◆ What the task asks
Give the listing again word for word. Leave every image out.
═════ Records for the exercise
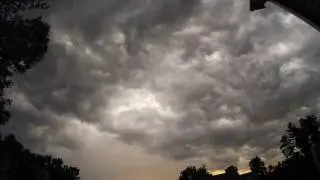 A GoPro Storm Time-Lapse (HD) GoPro - Supercell Thunderstorm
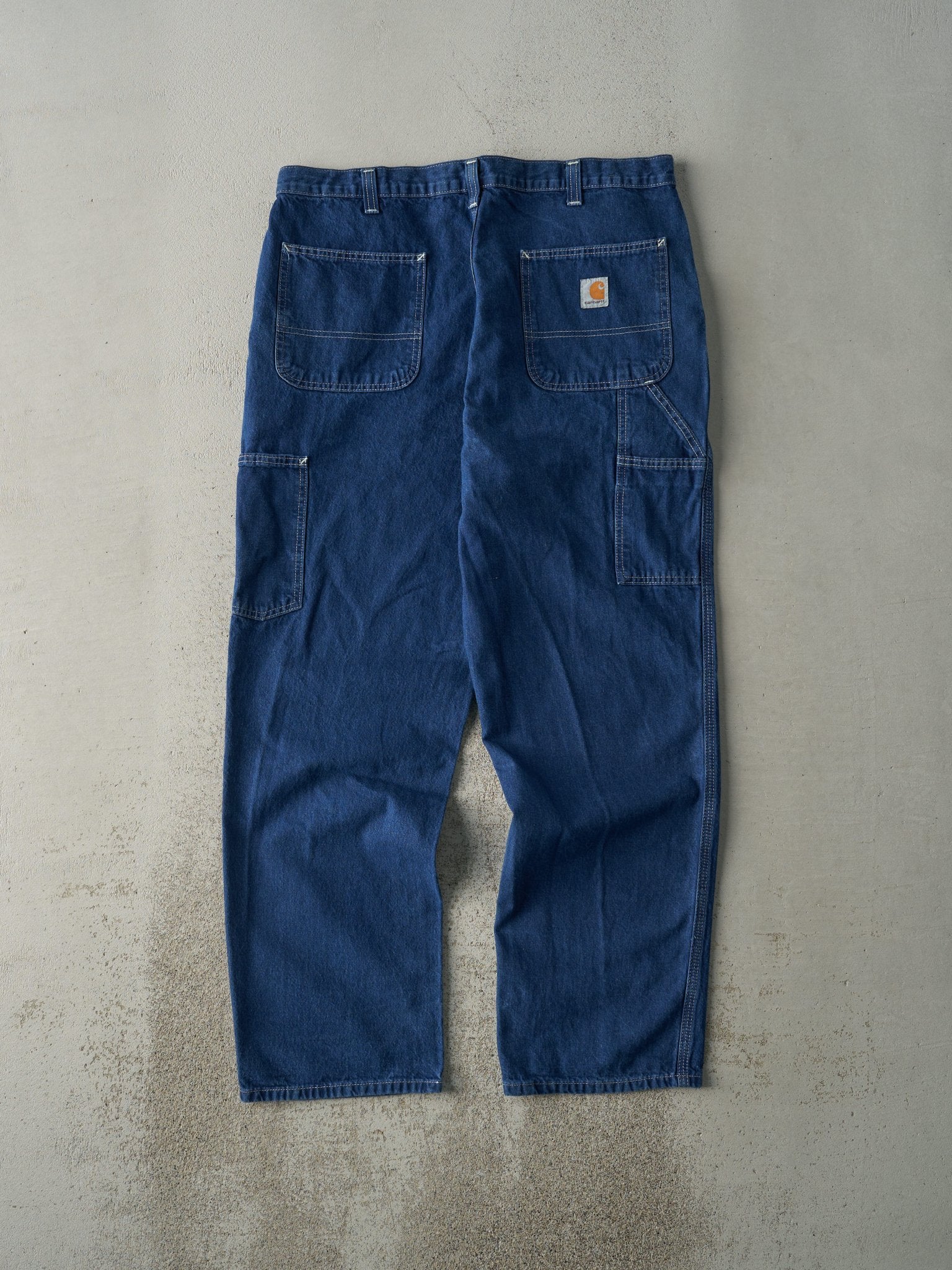 Vintage Y2K Dark Wash Carhartt Dungaree Fit Jeans (36x32)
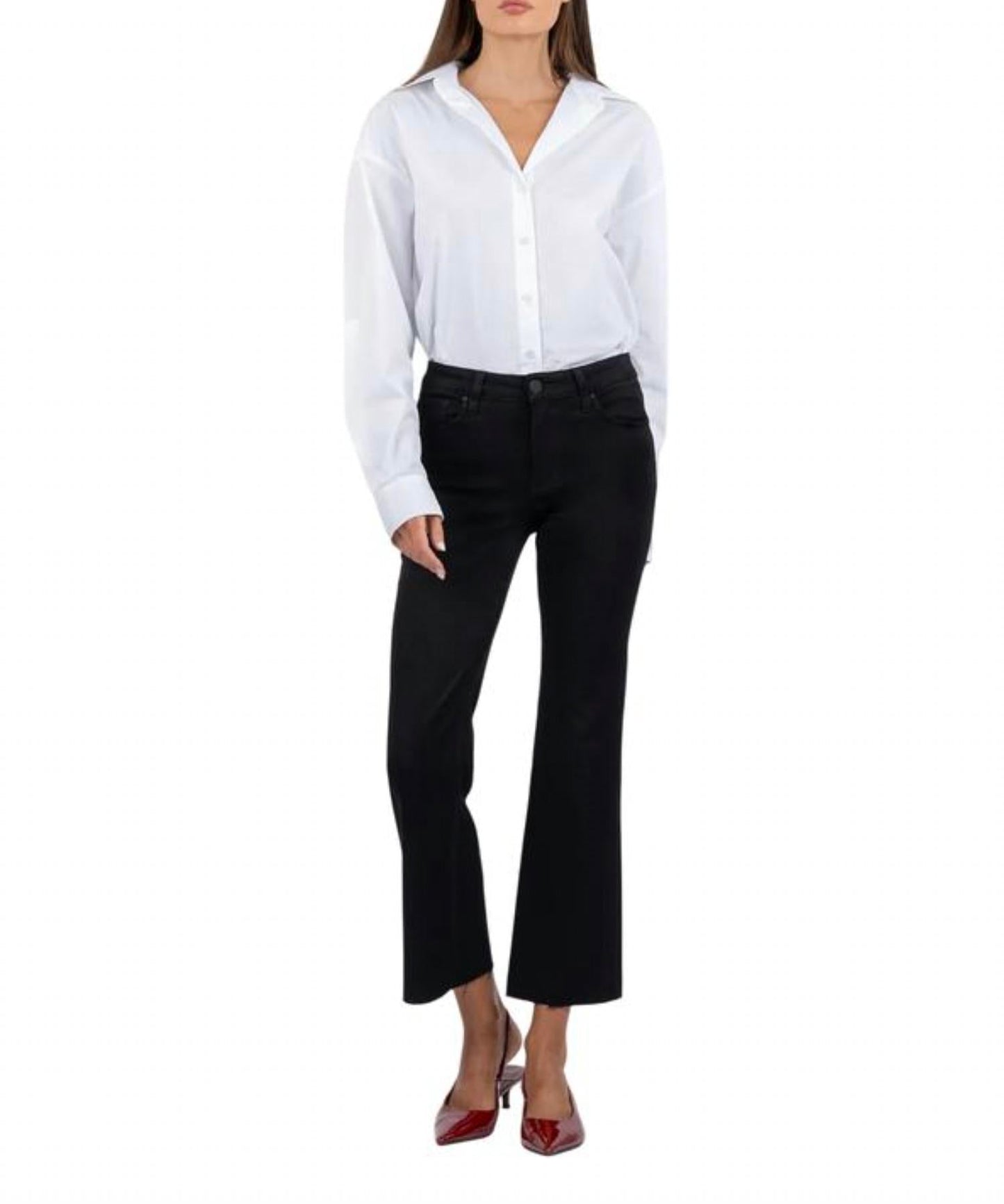 Kut From The Kloth - KELSEY ANKLE FLARE-INSET LEG JEANS
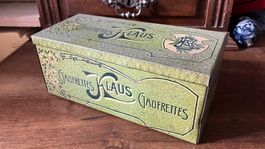 Boite ancienne Klaus Waffeln blechdose antik grüne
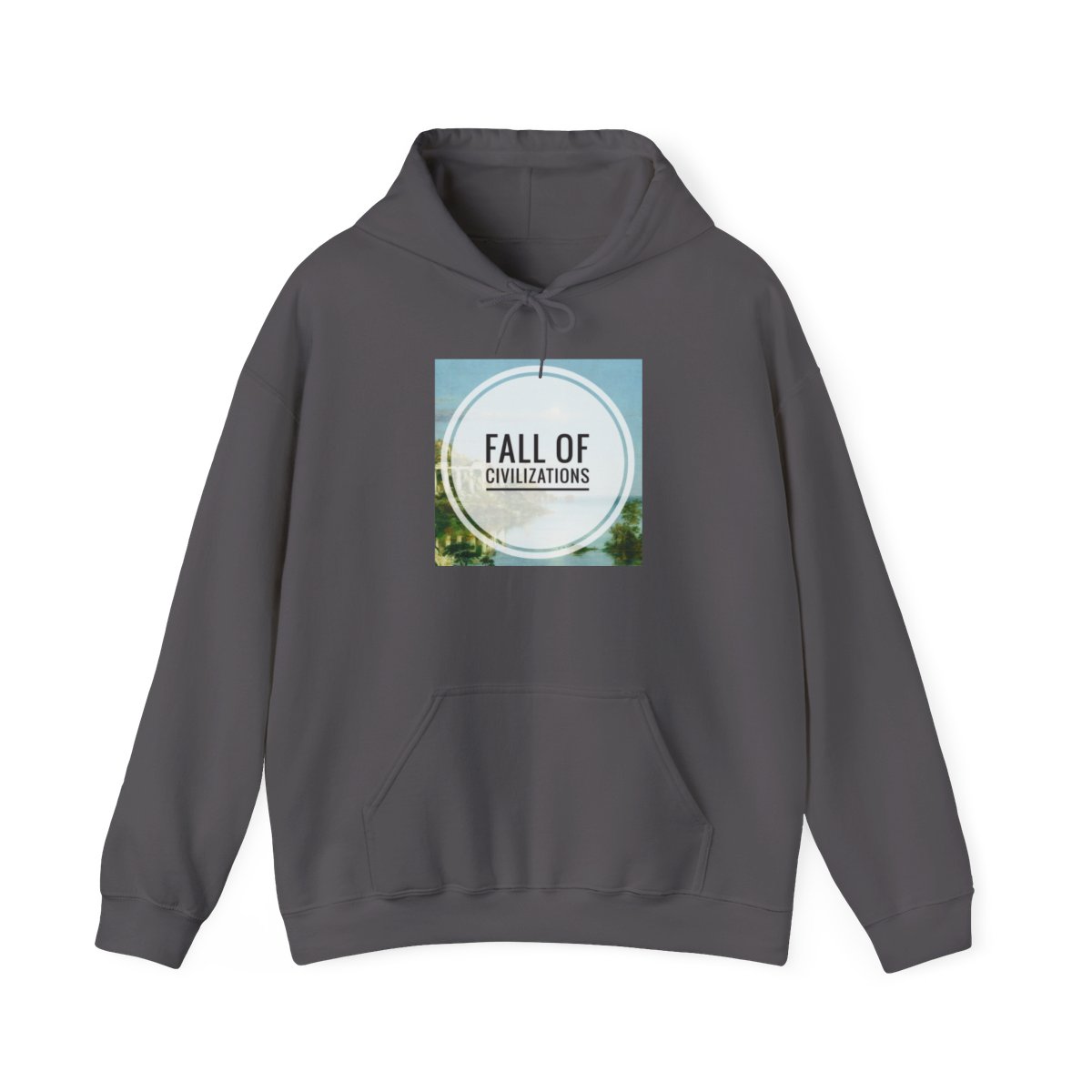 Fall of Civilizations Hoodie | Vintage Nature Circle Graphic | Fall of Civilizations Podcast - alternate angle 4, merchandise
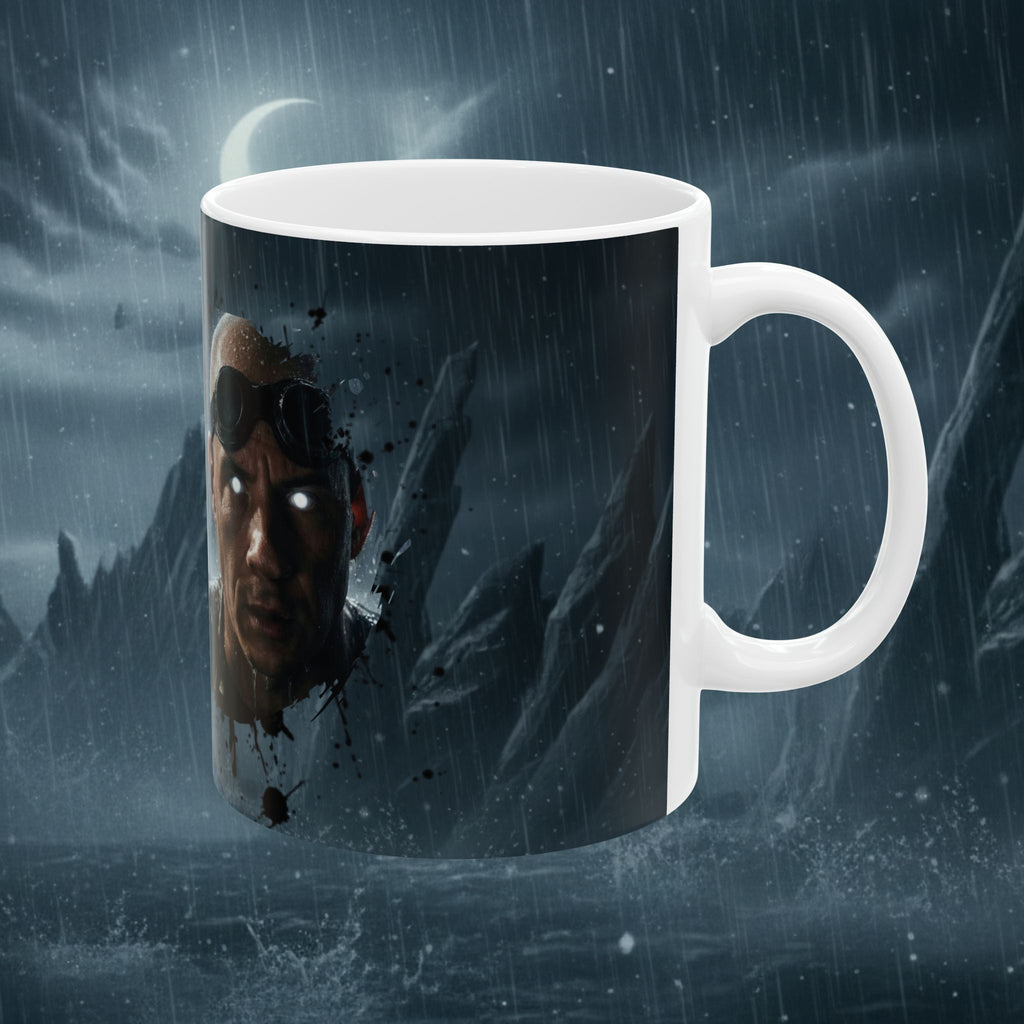 Horror Game Character Ceramic Mug — Dark Moon Night Coffee Cup (11oz/15oz) - Byakugan Family and Riddick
══════════
◆ Result
 A GoPro Storm Time-Lapse (HD) GoPro - Supercell Thunderstorm
 Vintage Y2K Dark Wash Carhartt Dungaree Fit Jeans (36x32)
 Kut From The Kloth - KELSEY ANKLE FLARE-INSET LEG JEANS
 Boite ancienne Klaus Waffeln blechdose antik grüne
 Fall of Civilizations Hoodie | Vintage Nature Circle Graphic | Fall of Civilizations Podcast - alternate angle 4, merchandise
 Horror Game Character Ceramic Mug — Dark Moon Night Coffee Cup (11oz/15oz) - Byakugan Family and Riddick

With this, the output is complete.